APPEL contre la dénonciation d’élèves et d’enseignants au nom de la lutte contre le terrorisme

Nous avons appris sur les bancs de l’école que la France était le pays des droits de l’homme… et nous l’avons cru.
Or, suite aux très graves attentats que nous avons connus en ce début de janvier 2015 contre Charlie-Hebdo et le Commerce Casher Porte de Vincennes, et après avoir réaffirmé son attachement à la liberté d’expression et au refus de tous les racismes (antisémitisme, islamophobie), il nous semble que notre pays risque de plonger, au nom de la sécurité, dans une sorte d’hystérie collective… Sommes-nous bien dans le dit pays des droits de l’homme lorsque des enfants de 8 ou 10 ans sont amenés à la police sur signalement de directeurs d’écoles ou de parents d’élèves pour avoir tenu des propos provocateurs en faveur du terrorisme sans nécessairement en bien comprendre la portée ? Lorsque leurs parents sont amenés devant toutes les caméras à s’excuser et à proclamer leur attachement aux valeurs de le République ? Et quand des sanctions non ou mal étayées sont prononcées contre des enseignants, notamment pour avoir invité les élèves à débattre de ce sujet ?
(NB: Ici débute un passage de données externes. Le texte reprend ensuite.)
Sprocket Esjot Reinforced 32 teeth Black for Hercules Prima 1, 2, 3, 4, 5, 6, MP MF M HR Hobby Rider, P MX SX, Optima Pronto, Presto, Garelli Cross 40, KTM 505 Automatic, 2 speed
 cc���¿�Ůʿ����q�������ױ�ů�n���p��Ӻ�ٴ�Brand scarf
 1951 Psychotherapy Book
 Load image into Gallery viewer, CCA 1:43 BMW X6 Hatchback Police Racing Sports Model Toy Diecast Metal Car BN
La France est célèbre pour la Déclaration des Droits de l’Homme et du Citoyen, signée en 1789, qui garantit la liberté d’expression : art. 10. « Nul ne doit être inquiété pour ses opinions, même religieuses, pourvu que leur manifestation ne trouble pas l’ordre public établi par la loi. »

Chers François, Manuel, quelles bêtises disiez-vous à 8 ans ? A partir de quel âge un enfant est-il considéré comme citoyen ? Si le droit de vote a été accordé en France à partir de 18 ans, un enfant de moins de 18 ans n’est pas encore un citoyen responsable de ses actes, mais a droit à une protection particulière en tant que mineur.

La Déclaration des droits de l’enfant, adoptée par l’Assemblée Générale des Nations Unies le 20 novembre 1959, déclare en son préambule : « Considérant que l’enfant, en raison de son manque de maturité physique et intellectuel, a besoin d’une protection spéciale et de soins spéciaux, notamment d’une protection juridique appropriée, avant comme après sa naissance » . Et selon son principe 2 : « L’enfant doit bénéficier d’une protection spéciale et se voir accorder des possibilités et des facilités par l’effet de la loi et par d’autres moyens, afin d’être en mesure de se développer d’une façon saine et normale sur le plan physique, intellectuel, moral, spirituel et social dans des conditions de liberté et de dignité. ».

La Convention internationale des droits de l’enfant, signée par les Nations-Unies le 20 novembre 1989, admet des restrictions à la liberté d’expression, notamment nécessaires à la sauvegarde de la sécurité nationale et de l’ordre public. Mais elle précise en son article 12 la nécessité de prendre en compte la capacité de discernement de l’enfant : « Les Etats parties garantissent à l’enfant qui est capable de discernement le droit d’exprimer librement son opinion sur toute question l’intéressant, les opinions de l’enfant étant dûment prises en compte eu égard à son âge et à son degré de maturité. »

Une telle frénésie répressive ne fera qu’amplifier le sentiment de rejet et d’abandon qui était éprouvé par une partie de la population, déjà victime de discriminations en tout genre, aujourd’hui désignée comme a-priori suspecte de soutien à des fanatiques et comme nouveau bouc émissaire. Elle n’aidera pas au vivre ensemble, dans la tolérance et le respect des opinions et des religions des uns et des autres.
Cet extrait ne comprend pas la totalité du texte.